Eventually, you gave in to the movies, right?
I became a world champion too. Bachche, wrestlers don't have a life in India. Meri dekha dekhi, plenty of other wrestlers tried to make it to the movies. One of them was Sardar Singh Bawa. I made it, they didn't. The reason everyone jumped on to the movies is that wrestlers don't earn in our country despite being everyone's heroes and winning medals.
In hindsight, how do you look at your movies like Awara Abdulla, Samson, Hercules, Boxer, Jawan Mard, Tarzan and King Kong, Tarzan Comes To Delhi and Thakur Jarnail Singh?
With pride of course! I am not ashamed of any movie I have done. I must have done over a hundred movies.

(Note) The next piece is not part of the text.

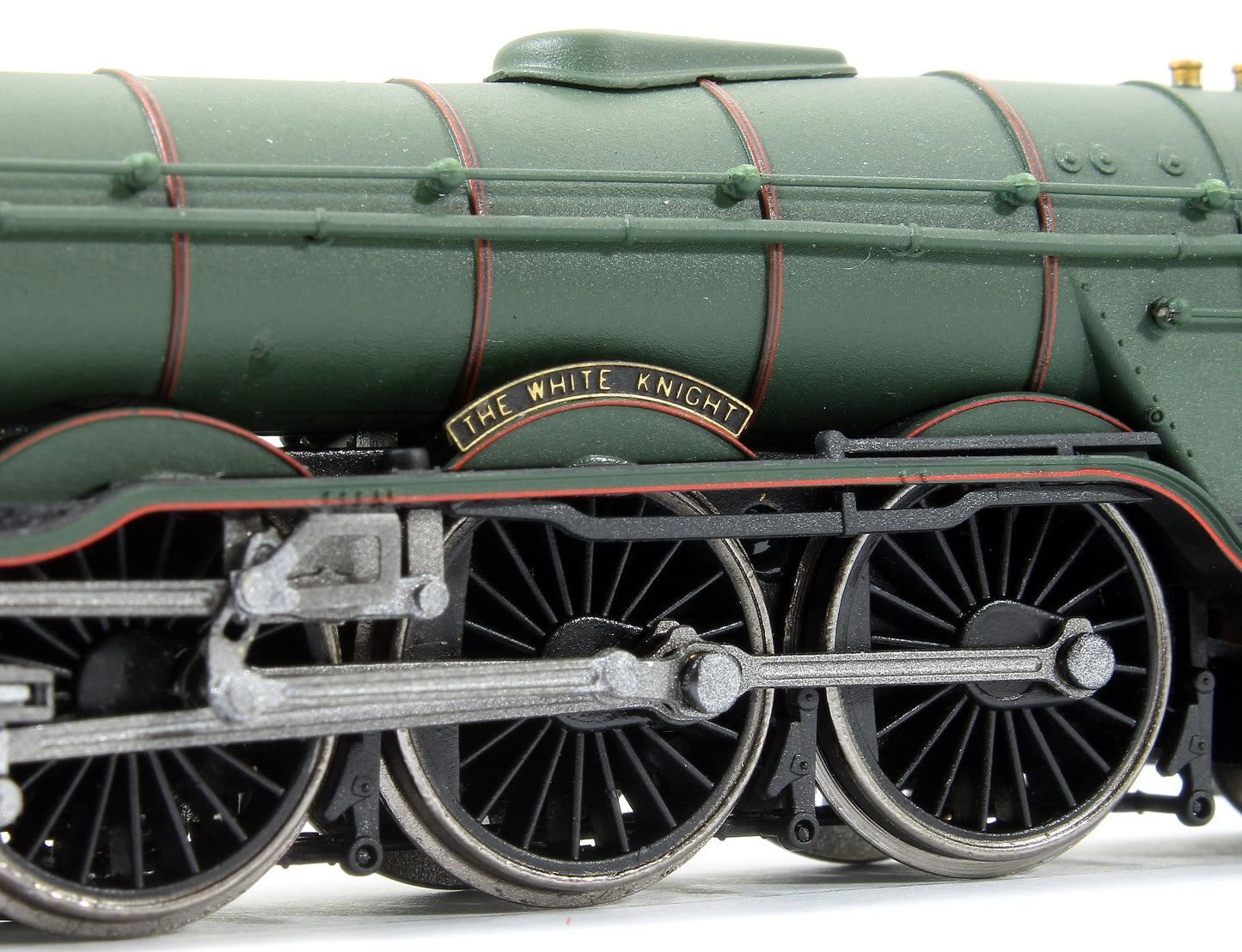 A3 The White Knight 60077 BR Green Early Crest - DCC Fitted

I'm sure today's generation may find a lot of them unintentionally hilarious. But I was an honest worker. And that's why, I take immense pride in the way I managed my family with my hard earned money.

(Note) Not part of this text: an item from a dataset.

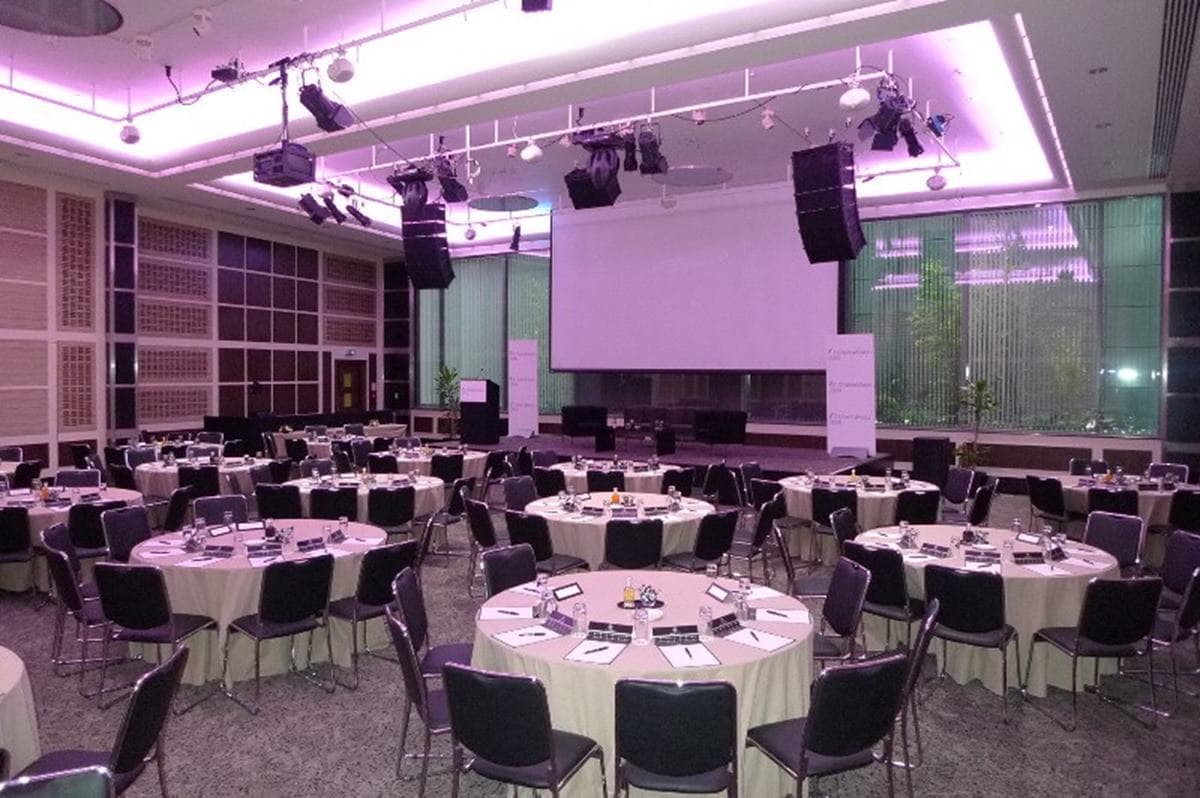 Nelson, Leonardo Royal London St Paul's photo #2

You didn't make another movie after Rab Dian Rakhan?
The dynamics and economics of movies have changed. Today, there are hardly any independent producers. Corporate companies have taken charge. I don't think I can adjust with their ways of working. And ab to sehat bhi nahin rahi waisi.
Umar ho gayi hai beta. For the last few months, I haven't been well. I have been visiting doctors regularly in Delhi. Still, I feel I am fitter than a lot of youngsters. I have a balanced diet and a long walk every day.
If you are not well, why did you take up 100 Per Cent?
It didn't pressurize me too much. Thodasa kaam tha. And I was assured that the show would take up the cause of wrestling and bring it out of its dire situation.
Do you see hope in the sport now?
Yes, though I know the association has nothing its hands. The sports ministry is not concerned enough about doing enough for wrestlers. Some of them I've seen are under nourished. But after the Olympics and seeing Sushil last year, kuch umeed bandhi hai. I think if well groomed, our boys can become world champions too.
Where do you think are we lacking?
I think we need to make wrestling a well-paying sport. The reason too many boys don't want to take up the sport willingly is that there is no scope to earn and they don't find prospects of a bright future in wrestling. They are paid a pittance for a fee. Earlier, we didn't have a ministry control and the sport actually flourished.
Do you think special attention needs to be paid towards women's wrestling?
Of course! The Wrestling Association is doing nothing for the men. The women are obviously in the under-privileged class there. Private akhadas I know are on the verge of shutting down but still, I have not lost hope yet. There are some sarkari ones that are still trying to crawl.
Are you hopeful about your son Vindoo's career too?
Baap hoon! And I am hopeful that one day my son will shine. He's still trying to get somewhere in life. He needs that one big hit and no one will ask me this question again. His debut movie was an average runner. Had it been a hit, he would have become a star.
You played Hanuman. So did Vindoo. What do you think of the Hanuman in the recently concluded Ramayan?
I didn't see it through and through. But of whatever I saw, I felt that the boy was honest and was working hard to convince people that he was Hanuman. Eventually, I think he couldn't pull it off. It was a key role and should have gone to another actor, who was slightly seasoned and could deal with the role better.
Didn't Vindoo ever show signs of becoming a wrestler?
I don't think he ever had that inclination for the sport. I don't blame him because an entire generation had stopped following wrestling. Today, with some publicity, maybe we can revive the sport and save at least some akhadas from shutting down.